Loss Exposure (illustrative)
Magnitude: High — illustrative $500K–$5M per incident, reflecting scope of a Copilot session's accessible data (potentially enterprise-wide documents and communications), incident response and forensic investigation costs, and regulatory exposure if PII or regulated data is among exfiltrated content
Frequency: Illustrative 0.05–0.15 events per year for an exposed enterprise deployment — reflecting patched-but-class-persistent risk, low confirmed exploitation rate, and dependency on attacker awareness of the organization's Copilot deployment and data profile
Annualized: Illustrative ALE: $25K–$750K annually, derived from frequency range (0.05–0.15) applied to loss magnitude range ($500K–$5M); wide range reflects high uncertainty in both exploitation probability and data sensitivity of what Copilot can access in a given tenant
Basis: Loss magnitude anchored to: (1) IR and forensic investigation as baseline cost driver regardless of data type; (2) upward scaling for regulated or strategic data given Copilot's broad access to licensed user's data estate; (3) reputational and customer-notification costs if breach is material. Frequency anchored to: patched status reducing near-term probability, offset by class persistence increasing medium-term exposure; no confirmed exploitation in wild constrains the upper bound. No third-party cost reports cited.

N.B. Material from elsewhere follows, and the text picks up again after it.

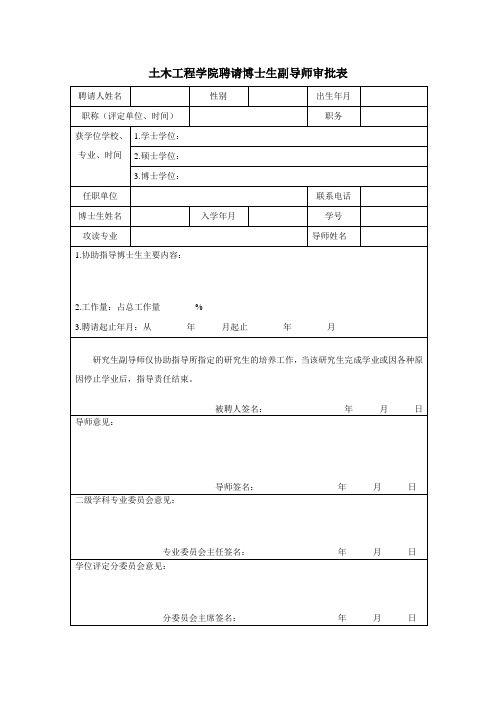 聘请博士研究生副导师审批表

Illustrative estimate — not actuarially derived.
Insurance / Contractual / Legal — Potential Obligations
Potential triggers, not legal determinations. Verify with counsel/broker before acting.
• Silent exfiltration of internal documents and communications containing PII or regulated data may invoke state and federal breach-notification obligations — verify with counsel before assuming no notification duty applies.
• Data exfiltration from a vendor-managed AI platform may trigger cyber insurance incident-reporting requirements under the organization's policy — verify with broker whether AI-mediated exfiltration events qualify as covered incidents and whether notice obligations apply.
• If exfiltrated data includes information subject to GDPR, HIPAA, or sector-specific data-handling agreements, supervisory authority notification and contractual breach obligations may be implicated — verify with counsel.